Pour que la transition se fasse en douceur, il faut que les militants s’approprient le nouveau logo et en deviennent les ambassadeurs sur les réseaux sociaux. Il est indispensable que les cadres du parti montrent l’exemple sur leurs propres comptes. Avec le temps les critiques cesseront et la nouvelle marque des « Républicains » fera partie intégrante du paysage politique.
Julien Peres : Le nouveau parti “Les républicains” est déjà tourné en dérision sur les réseaux sociaux, voir même sur le web puisque Libération est allé jusqu’à faire une fausse « recommandation client », comme une agence de communication peut en faire.
Royaume de l’instantané, les réseaux sociaux vont focaliser dessus quelques semaines, mais d’ici la rentrée tout le monde parlera des Républicains normalement. Le LR doit juste prendre de la hauteur et laisser passer le débat du mois de juin. La République c’est aussi la liberté d’expression, donc le nouveau parti de droite n’a qu’une chose à faire dans cet espace de liberté qu’est le web : laisser le débat évoluer, tout en défendant son point du vue.
Pendant ce temps, du côté des partisans d’Alain Juppé, on s’active également puisque le mouvement national jeune de soutien à Alain Juppé vient d’être lancé en parallèle du Congrès : les Jeunes avec Juppé s’activent sur les réseaux sociaux. Que penser de leur communication visuelle et numérique, notamment face à la concurrence des jeunes sarkozystes et lemairistes ?

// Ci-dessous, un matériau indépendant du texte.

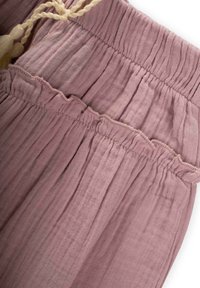 Helles Pink, strukturierter Stoff mit gerafftem Taillenbund, abgeschlossen mit dezenten Rüscheln und einer geflochtenen Kordel zur Anpassung.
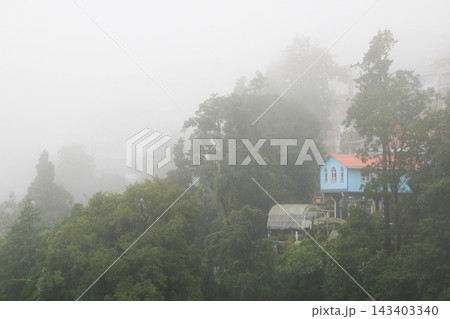 Blue house and forest on a rainy day in Darjeeling, India. Blue house and forest on a rainy day in Darjeeling, India. 143403340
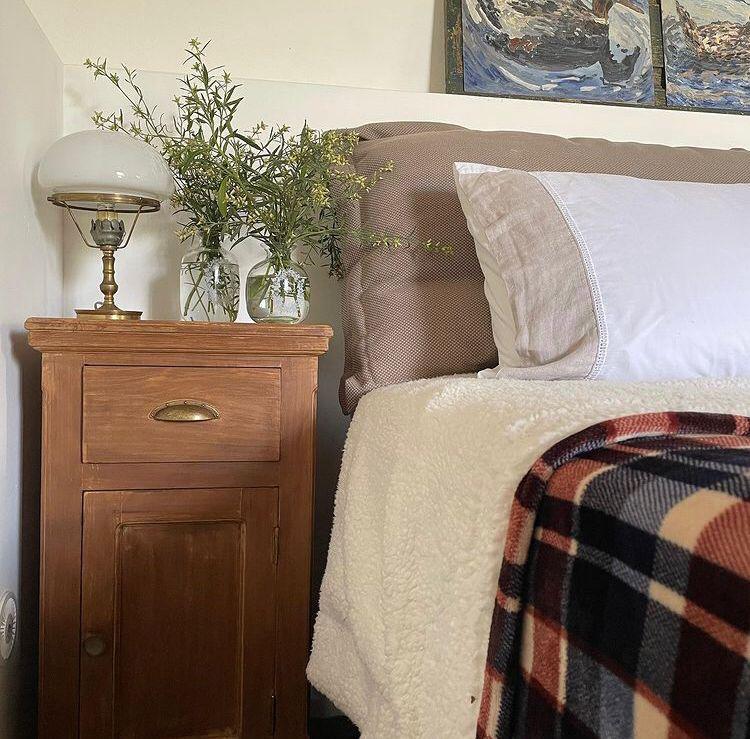 Cozy bedroom corner featuring a wooden nightstand with a brass lamp, two glass vases with greenery, a plush white blanket, and a patterned throw, creating a serene and inviting atmosphere.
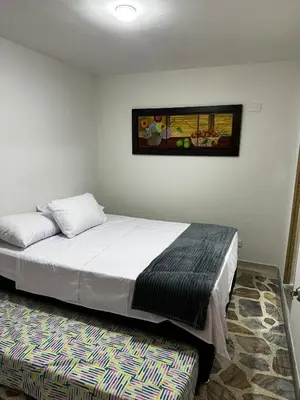 a bedroom with a bed and a picture on the wall at Modern House with Jacuzzi Stadium in Medellín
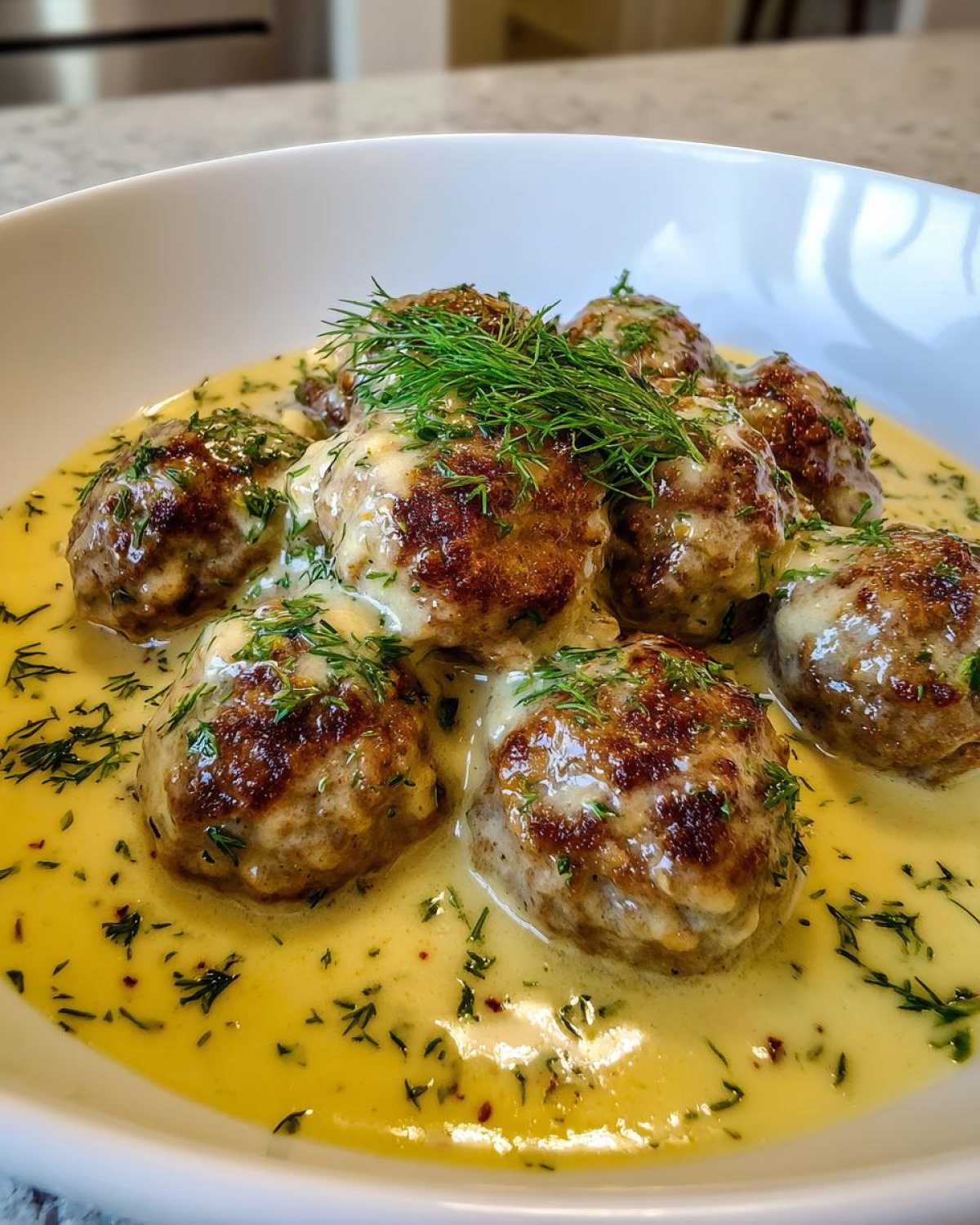 Close-up of browned Greek Meatballs in Lemon Sauce, topped with fresh dill.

Cyril Courson : Le lancement officiel des Jeunes avec Juppé s’est tenu le 2 juin à Saint-Denis dans le département de la Seine-Saint-Denis. Le choix du lieu n’est pas anecdotique et découle d’une réelle volonté de la part d’Alain Juppé de se montrer accessible, simple, populaire et de se défaire de l’image du vieux technocrate rigide.
Le visuel de l’invitation est moderne et épuré, tout comme le compte Facebook et Twitter des Jeunes avec Juppé où on y voit la photo d’un Juppé très en forme qui fait des pompes. Sauf que la photo date de 1990…
La communication autour d’Alain Juppé est centrée sur l’apaisement, le rassemblement de la droite et du centre, avec l’idée de se démarquer du style sarkozien réputé volcanique et clivant. Juppé se rend régulièrement dans les universités et écoles françaises pour des conférences-débats et s’affiche avec la jeunesse du pays. Cette stratégie vise a démontrer qu’il n’est pas l’homme du passé mais bien celui de l’avenir.
Julien Peres: Cela est dans les codes de ce qui se fait aujourd’hui dans le domaine du graphisme, c’est flat design, épuré et cela va à l’essentiel.
Alain Juppé n’a toutefois pas d’affinités naturelles avec les réseaux sociaux, la difficulté pour le mouvement jeune va être d’être cohérent avec le message de l’ancien premier ministre qui souffre d’une image trop rigide.
Il ne va donc pas falloir trop en faire pour les jeunes, au risque d’être en total décalage. Adoucir et moderniser l’image d’Alain Juppé sera bénéfique, tenter de la changer non.